Este anciano Papa, de 84 años, aquejado de no pocas dolencias, ha desoído todas las llamadas a la “prudencia” que desaconsejaban el viaje. Trayecto que no pudo realizar Juan Pablo II, el pontífice más viajero de la historia, ni tampoco Benedicto XVI, uno de los intelectuales más profundos y brillantes de las últimas décadas a caballo de los siglos XX y XXI. Ninguno de los que ocuparon antes la silla de San Pedro había vuelto a la cuna misma de la civilización, correspondiente geográficamente a Irak, un país que el presidente George W. Bush había prometido retrotraer a la edad de piedra. Y, a fuerza que, entre la temible dictadura de Sadam Husein, la sangrienta guerra de desgaste con Irán, las dos guerras contra los Estados Unidos de Bush padre y Bush hijo, y el brutal califato de Daesh, han estado a punto de conseguirlo. 

Las heridas de Irak siguen abiertas y no se curarán fácilmente. Además de la inmensa destrucción material que aún tardará mucho tiempo en reconstruirse, el odio se apoderó de muchos corazones. Los suníes, dominadores con Sadam, machacaron a la mayoría chií mientras que los suníes extremistas de Daesh declararon la guerra sin cuartel a los chiíes de Irak y Siria, pero sobre todo a los cristianos, mandeos y yazidíes de la antigua Mesopotamia. Los saqueos, torturas y todo tipo de exacciones contra ellos, difundidos ampliamente en todo el mundo mediante videos de impecable factura técnica, provocaron la huida y drástica disminución de la minoría cristiana, reducida a apenas 200.000 miembros desde el millón y medio existente a principios del presente siglo. Y azuzaron hasta abrazar el islamismo más radical a muchos jóvenes musulmanes europeos a que se embarcaran en una supuesta “yihad”.  

Desmontando la dinámica del odio

A esa exigua minoría cristiana Francisco les ha llevado el mejor mensaje posible: demostrarles que no están solos, decirles que Dios no les ha abandonado y que, a pesar de todas las agresiones y penalidades sufridas, es posible que puedan volver a coexistir en paz con los creyentes en el mismo Dios, aunque sea a través de diferentes religiones. El Papa ha desmontado la dinámica del odio que, como en tantos otros lugares del mundo, se había instalado en Oriente Medio, ese conglomerado en el que pareciera imposible otro tipo de relación que no sea la del lenguaje de la fuerza. 

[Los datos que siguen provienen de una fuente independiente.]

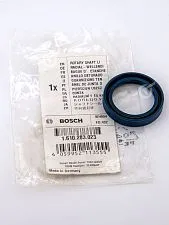 Кольцо к Bosch GBH 4 DFE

Piedra angular del viaje ha sido la entrevista sostenida con el ayatolá Alí Sistani, la principal autoridad religiosa de Irak, del que Francisco obtuvo la promesa de respetar y proteger especialmente a esa minoría cristiana. Un diálogo que también se traduce en la reemergencia del Papa romano como un actor e interlocutor político internacional de primer orden. Un papel que se había ido reduciendo desde la desaparición de Juan Pablo II, con gran satisfacción por cierto de quienes pugnan, especialmente en el seno de las acomodadas sociedades occidentales, por destruir la huella cultural y civilizatoria del cristianismo en general y del catolicismo en particular, y erradicar de paso la dimensión más espiritual del hombre, convirtiéndolo así en más fácilmente manipulable. 

En la patria de Abraham el papa Francisco no ha inventado mensajes novedosos. “La verdadera religiosidad es adorar a Dios y amar al prójimo. La ofensa más blasfema es profanar el nombre de Dios odiando al hermano”, o “la fraternidad es más fuerte que el fratricidio, la esperanza es más fuerte que la muerte, la paz es más fuerte que la guerra”, son suscribibles por cualquier dirigente de buena voluntad que no esté poseído por el odio y el afán de venganza. 

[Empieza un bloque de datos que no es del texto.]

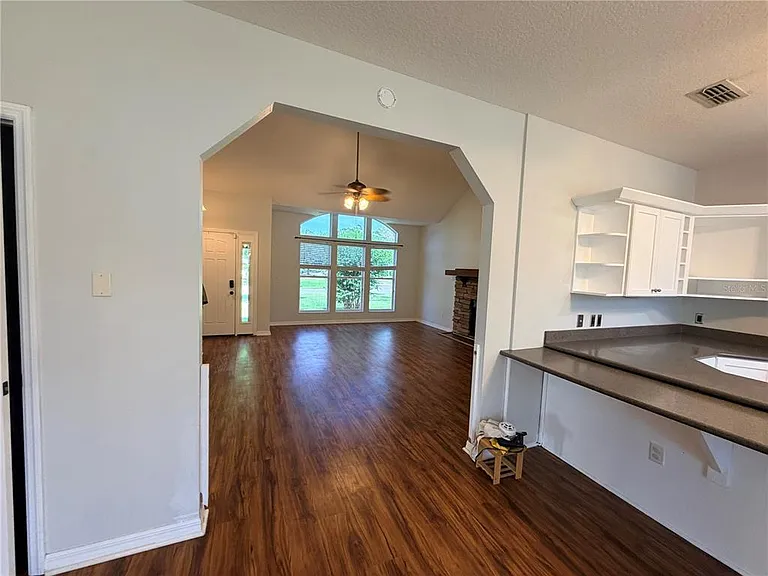 1799 Harbor Blvd — Photo 16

Sí ha sido pionero Francisco en acompañar con su presencia al conjunto del pueblo iraquí en el arduo camino de su reconstrucción. Así se lo reconocía el presidente iraquí, Barham Saleh, en su despedida. El país, obvio es reconocerlo, sigue siendo escenario de guerra, y, por consiguiente, de la lucha personal y colectiva de sus habitantes por la supervivencia, lo que supone una enorme corrupción. Nada nuevo por otra parte, máxime en semejantes circunstancias. El Papa, que como señalara Stalin, sigue sin disponer de divisiones militares, ha abierto no obstante un camino de esperanza. A los grandes dirigentes de la región y del mundo corresponde transitarlo y ensancharlo o empecinarse en difuminarlo.